Task material: Begin

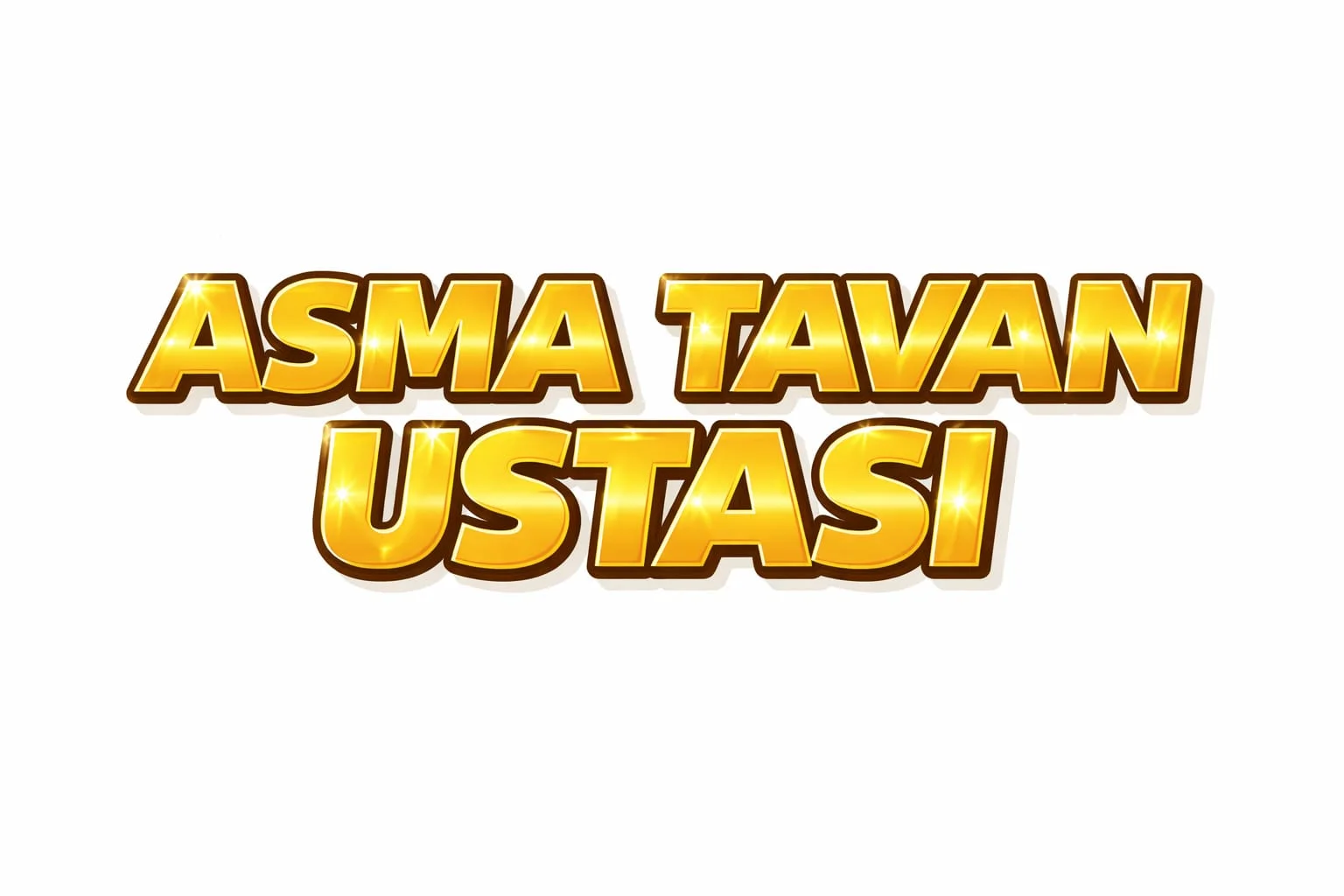 Antalya Asma Tavan Ustası
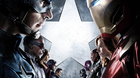 Opinion-capitan-america-civil-war-spoilers-c_s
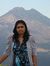 Sonali ...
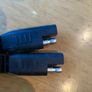 Ring 4A Smart Battery Charger 6V/12V Image 4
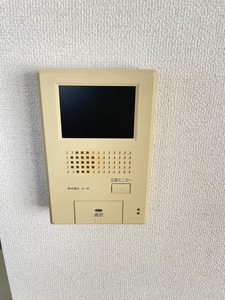 メゾン・フィオレンテ A0102号-10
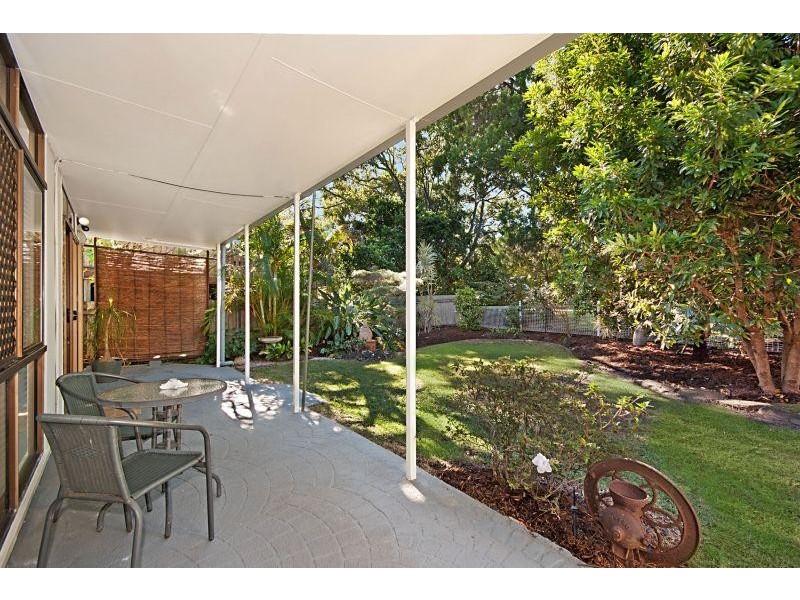 8 Armstrong street, Suffolk Park NSW 2481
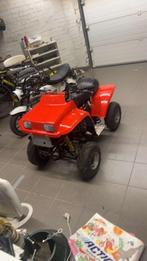Quad 110cc, Jusqu'à 11 kW, 110 cm³, 1 cylindre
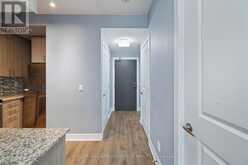 710 - 68 MERTON STREET | Toronto Ontario | Slide Image Two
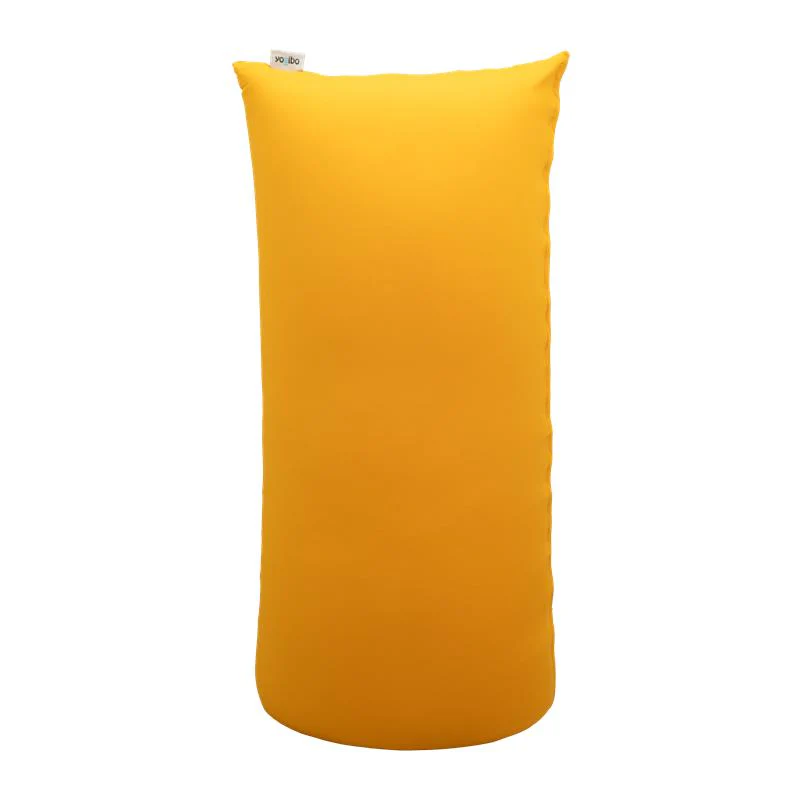 Yogibo Max - Image 27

Task material: End

◆ The problem:
Without any pictures, return the entries exactly as given.

◆ Solution for this exercise:
 Antalya Asma Tavan Ustası
 Opinion-capitan-america-civil-war-spoilers-c_s
 Sonali ...
 Ring 4A Smart Battery Charger 6V/12V Image 4
 メゾン・フィオレンテ A0102号-10
 8 Armstrong street, Suffolk Park NSW 2481
Quad 110cc, Jusqu'à 11 kW, 110 cm³, 1 cylindre
 710 - 68 MERTON STREET | Toronto Ontario | Slide Image Two
 Yogibo Max - Image 27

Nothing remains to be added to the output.